Bringing dons back to universities, Editorial, The Island

The government has reopened universities but without teachers. Students are keeping away and conducting street protests.

The university crisis has manifestly got out of hand. The striking dons have crossed the Rubicon. The government is trying to wear down the strikers, who have shown remarkable resilience. Neither side is likely to blink in the foreseeable future; all signs are that the universities will remain paralysed indefinitely and students will be driven to extreme action. On Thursday, they staged a protest near the University Grants Commission and the police had to use water cannon to disperse them. The situation is bound to deteriorate further.

The government is trying its old tricks. It is all out to brand the striking dons traitors with a political agenda. But, the fact remains that most of those at the forefront of the on-going trade union battle fully backed President Mahinda Rajapaksa's re-election bid in 2010. Moreover, when the Federation of University Teachers' Associations (FUTA) suspended its last strike its members accused their leaders of collaborating with the government.

President Rajapaksa keeps saying that, in solving the university crisis, he is for a win-win situation, but his higher education minister is determined to bulldoze his way through.
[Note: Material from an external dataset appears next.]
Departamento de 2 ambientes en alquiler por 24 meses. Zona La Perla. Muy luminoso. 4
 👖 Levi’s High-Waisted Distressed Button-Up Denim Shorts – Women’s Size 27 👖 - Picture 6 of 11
Minister S. B. Dissanayake has apparently confused a win-win situation with a heads-I-win-tails-you-lose settlement. He insists that the university teachers have already got what they asked for; he is apparently trying to secure his 'win' by refusing to meet FUTA demands. If he thinks FUTA has already won, then there is no point in expecting or urging him to negotiate with it with a view to working out a compromise formula. What we gather from FUTA members' statements is that they consider Minister Dissanayake the biggest obstacle to a solution. They are of the view that whenever something positive emerges from talks between FUTA and the government, he promptly throws a monkey wrench in the works.

The government must stop thinking it is infra dig to be flexible in negotiating with FUTA. Funds cannot be a problem for it; it is paying some state employees' PAYE tax illegally according to the Committee on Public Enterprises, to the tune of Rs. 2 billion per annum. This is about the amount the government needs to meet university teachers’ demand for a pay hike.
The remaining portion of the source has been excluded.